Schwäbische Zeitung (Biberach)
Datenschutzskandal ungewöhnlichen Ausmaßes
Ravensburger Patientenakten: Selbst wenn keine Anklage erhoben wird, droht eine hohe Geldbuße
RAVENSBURG - Einen Datenschutzskandal von dem Ausmaß wie in Ravensburg hat die für den Gesundheitsbereich zuständige Referatsleiterin beim Landesdatenschutzbeauftragten, Gabriele Heiss-Kaiser, noch nie erlebt. „Das ist schon ungewöhnlich“, kommentiert sie den Fall vom Dezember 2017. Wie berichtet, waren zahlreiche ungeschredderte Patientenakten der Oberschwabenklinik auf dem Ravensburger Wertstoffhof im Altpapier gefunden worden.
Die Akten aus den Jahren 1997 bis 2008 enthielten hochsensible Gesundheitsdaten von teils jugendlichen Patienten, zum Beispiel über Drogenmissbrauch oder Suizidgefahr.
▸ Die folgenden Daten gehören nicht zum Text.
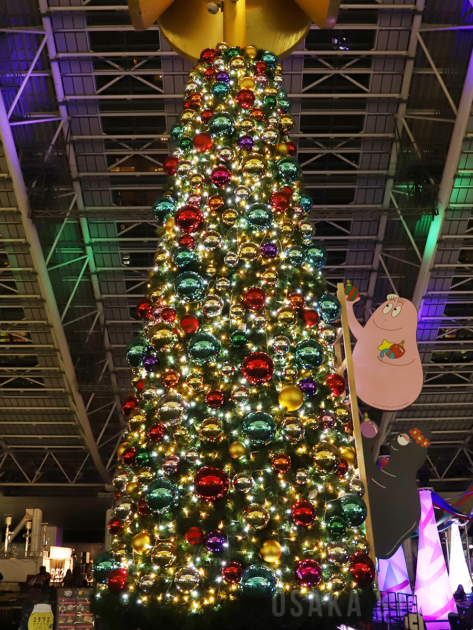 JR大阪駅・大阪ステーションシティでイルミネーション「Twilight Fantasy（トワイライトファンタジー）2025」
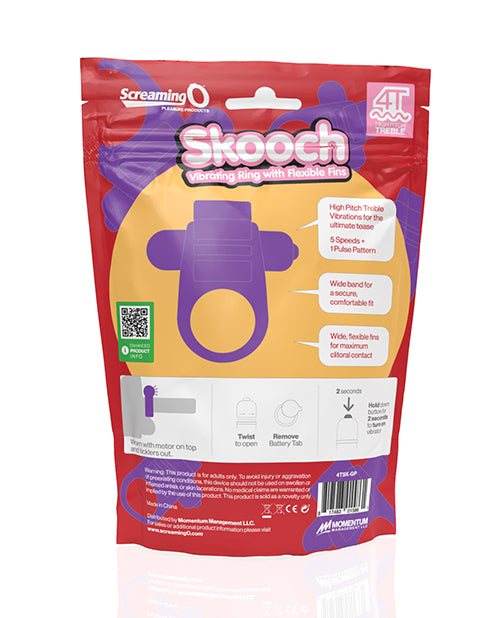 Screaming O 4T Skooch - Strawberry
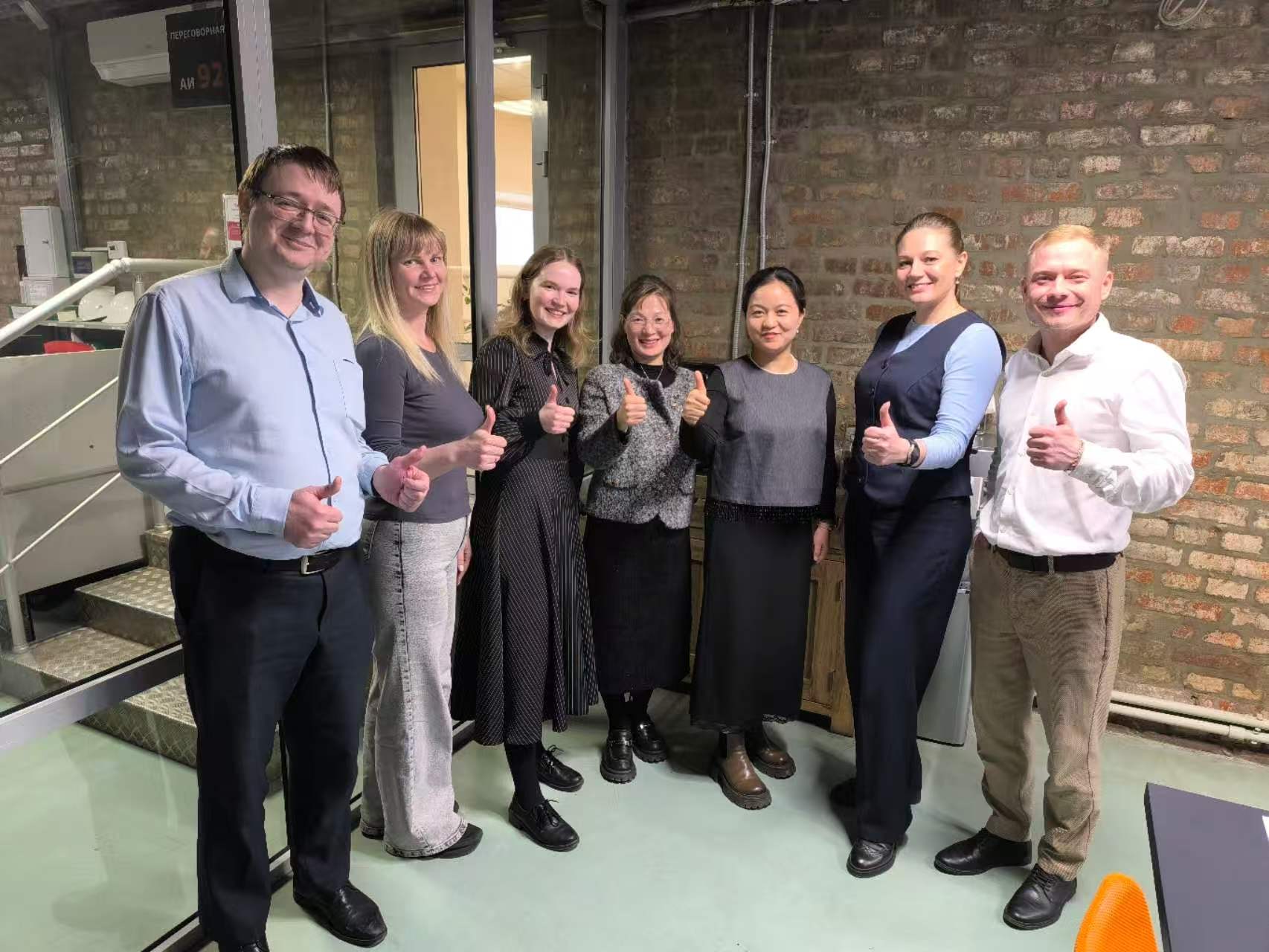 A Fruitful Journey to Russia: Bridging Distances with Warmth and Professionalism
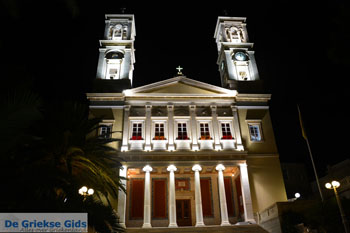 Agios Nikolaos kerk Ermoupolis | Syros | Griekenland foto 83 - Foto van https://www.grieksegids.nl/fotos/syros/normaal/ermoupolis-syros-083.jpg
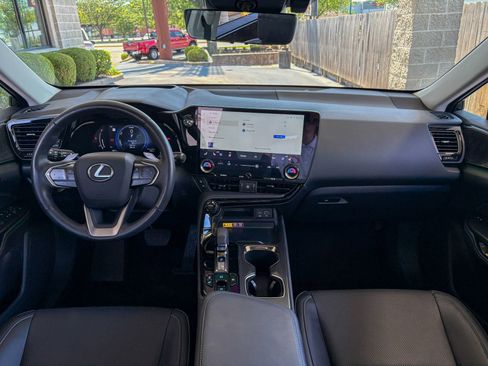 Used 2025 Lexus NX 350h AWD w/ Accessory Package (2T) image 27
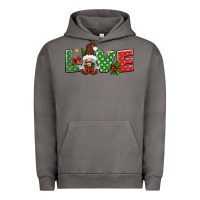 Pigment Tornado love christmas gnome Urban Hoodie - BundleAndBundleShop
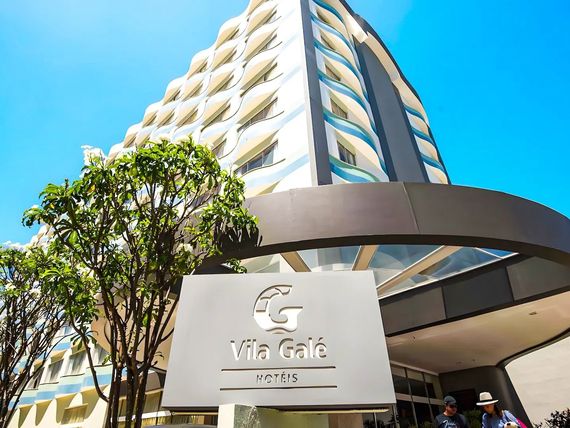 Mercure Salvador Boulevard 4*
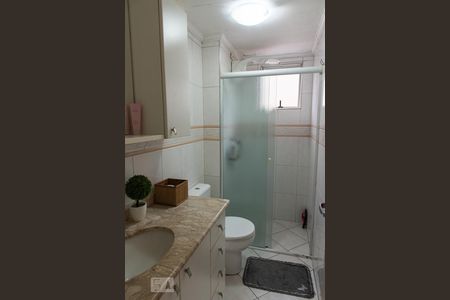 Apartamento à venda com 62m², 2 quartos e 1 vagaBanheiro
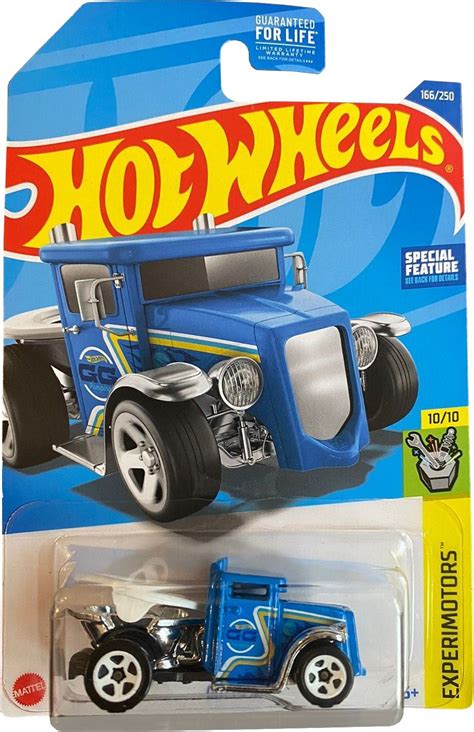 Gotta Go Hot Wheels 2022 Treasure Hunt - HWtreasure.com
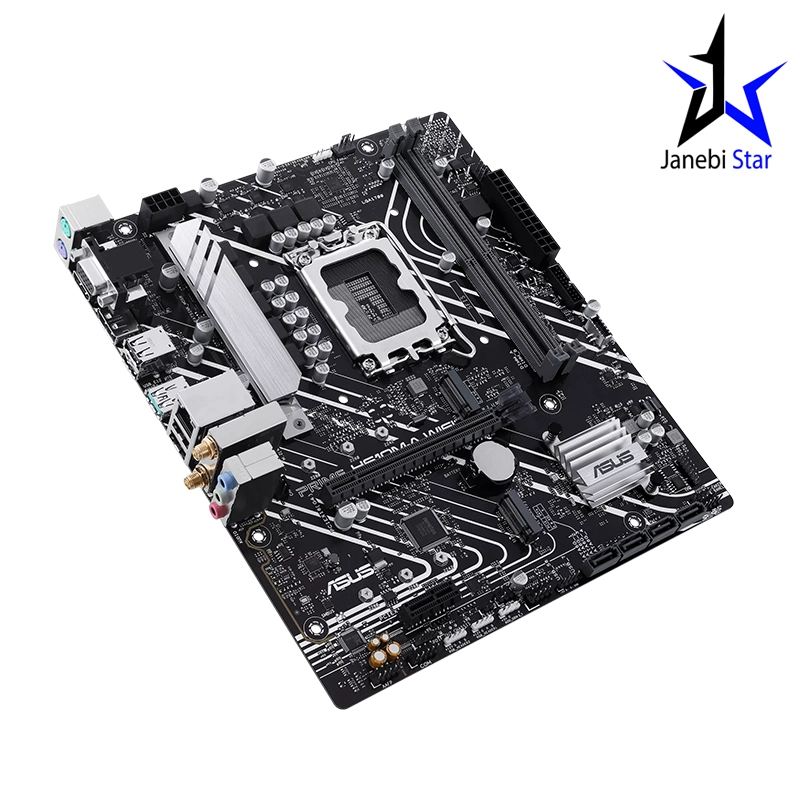 مادربرد ایسوس مدل Prime H610M-A WiFi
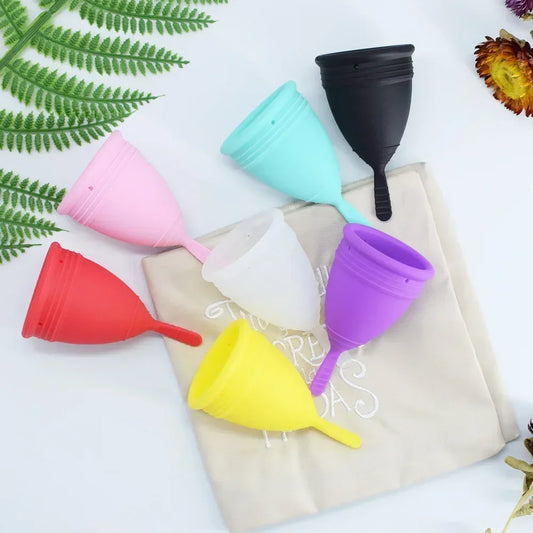 Kushie FlowFlex Menstrual Cup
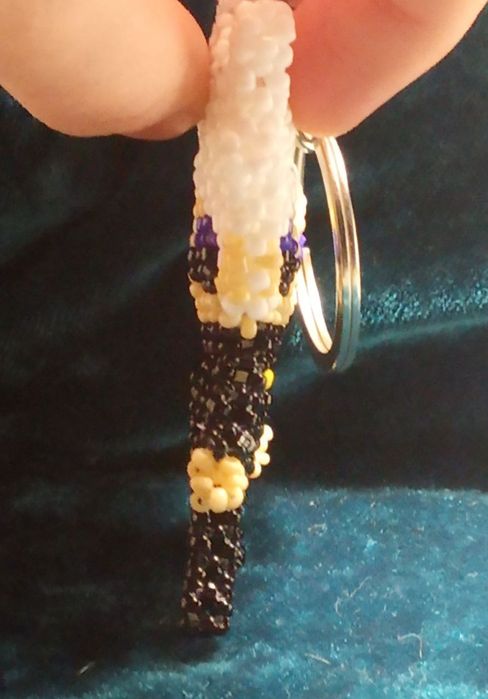 Сатору Годжо брелок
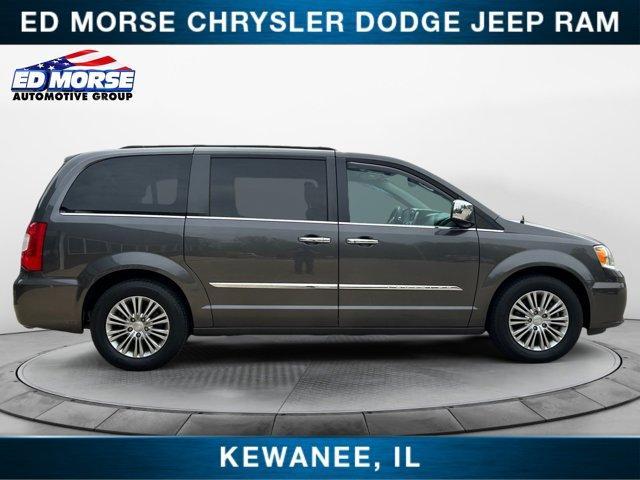 used 2016 Chrysler Town & Country car, priced at $14,490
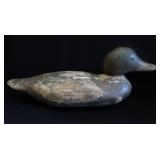COLLECTIBLE DUCK DECOY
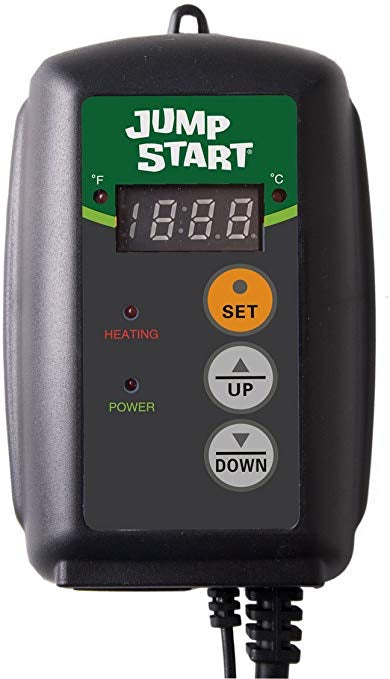 Heat mat Thermostat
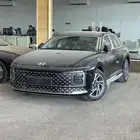 هيونداي ازيرا كلاسيك أسود خليجي 2026 ( ابيض- فضي- ذهبي)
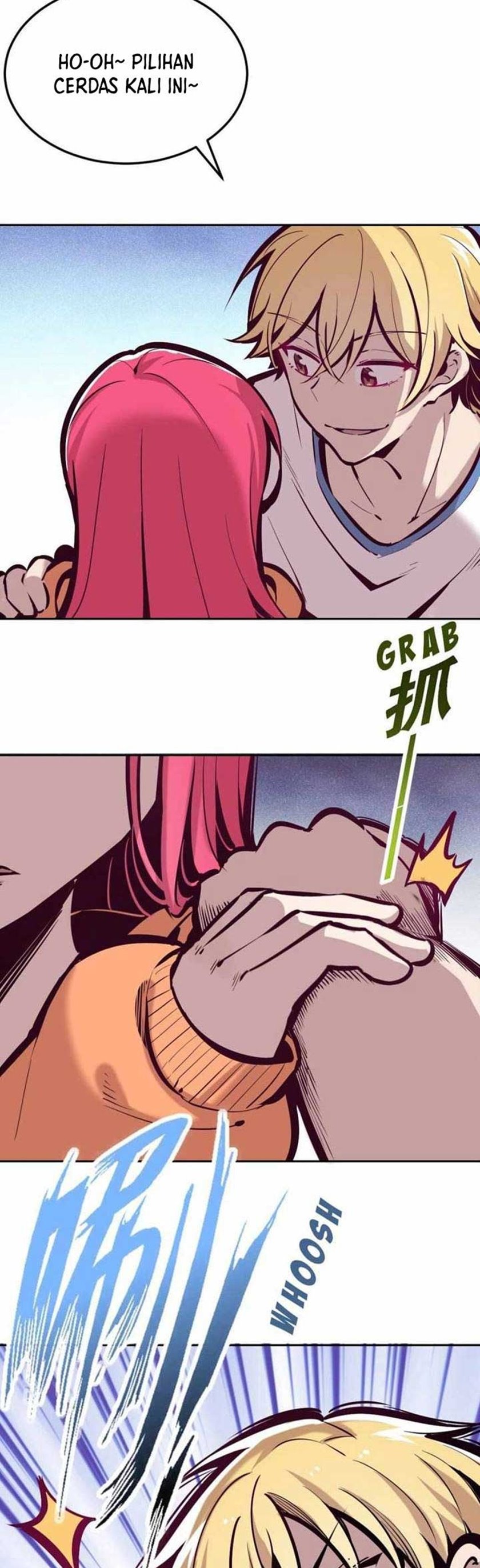 Demon X Angel, Can’t Get Along! Chapter 28 Bahasa Indonesia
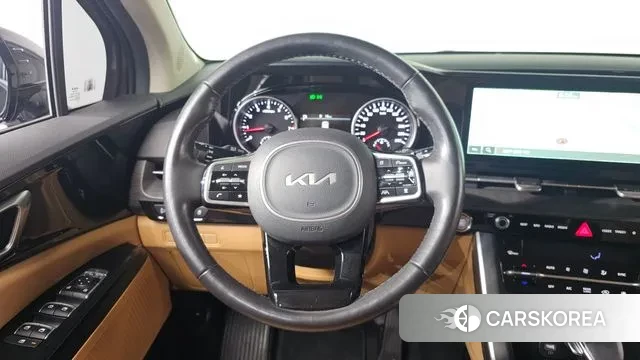 Kia Carnival 4th generation 2022 Серый из Кореи, фото 4
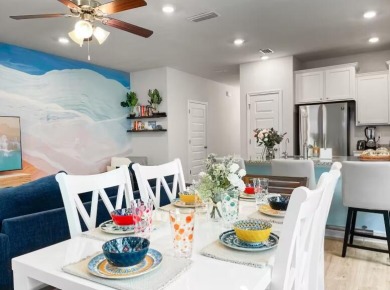 EV Charger, Retro Design, 5 Star .

A one of a kind impactful on Sandestin Golf and Beach Resort - Raven in Florida - for sale on GolfHomes.com, golf home, golf lot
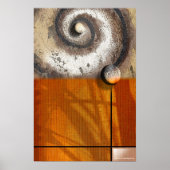 Poster Aube universelle par Gregory Gallo (Devant)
Ein ehemaliger Belegarzt steht im Verdacht, sie dort unsachgemäß entsorgt zu haben. Nach SZ-Informationen soll es sich dabei um einen Kieferchirurgen handeln, der Kopien der Akten angefertigt hat, was im Gegensatz zu der haarsträubend unsachgemäßen Entsorgung grundsätzlich erlaubt ist. Die Akten enthielten zum Teil nicht nur Informationen zum Fachgebiet des Belegarztes, sondern auch zu anderen Befunden der Patienten.
„Es kommt schon mal vor, dass eine einzelne Akte verschwindet, aber eher in Krankenhäusern“, sagt Heiss-Kaiser. Ein Fall von einem niedergelassenen Arzt sei entweder noch nie vorgekommen oder ihrer Behörde zumindest nicht gemeldet worden. Der schlimmste bekannte Datenschutzskandal im Bereich Gesundheitswesen in Baden-Württemberg sei eine verschwundene Sicherungs-CD mit 300 000 Patientendaten vor einigen Jahren aus einem Krankenhaus im Badischen gewesen.
Was droht dem mutmaßlichen Verursacher nun? Man müsse unterscheiden zwischen den Ermittlungen der Staatsanwaltschaft Ravensburg, bei denen es um einen etwaigen Verstoß gegen die ärztliche Schweigepflicht geht, der nach Paragraf 203 des Strafgesetzbuchs geahndet wird. Im Fall einer Verurteilung müsste der Täter bis zu einem Jahr ins Gefängnis oder eine Geldstrafe zahlen. Bis zu zwei Jahre Haft würden drohen, falls er sich oder einen anderen hätte bereichern oder dem Patienten absichtlich schaden wollen. Im vorliegenden Fall eher unwahrscheinlich, denn die Akten wurden im Müll nur zufällig entdeckt.
Ein Verfahren einleiten kann neben der Staatsanwaltschaft aber auch die zuständige Aufsichtsbehörde, die derzeit noch beim Regierungspräsidium Karlsruhe angesiedelt ist und ab Mai mit der Verschärfung des Bundesdatenschutzgesetzes in die Zuständigkeit des Landesdatenschutzbeauftragten in Stuttgart wechselt. Die Behörde kann jetzt schon empfindliche Geldbußen verhängen. Derzeit liegen sie bei bis zu 300 000 Euro, ab 18. Mai mit Inkrafttreten der Gesetzesnovelle bei zehn Millionen Euro oder bei Unternehmen bis zu zwei Prozent des weltweit erzielten Umsatzes. Ob es zu einem Verfahren gegen den früheren Belegarzt, der zu den Vorwürfen bei der polizeilichen Vernehmung geschwiegen hat, kommt, steht derzeit noch nicht fest.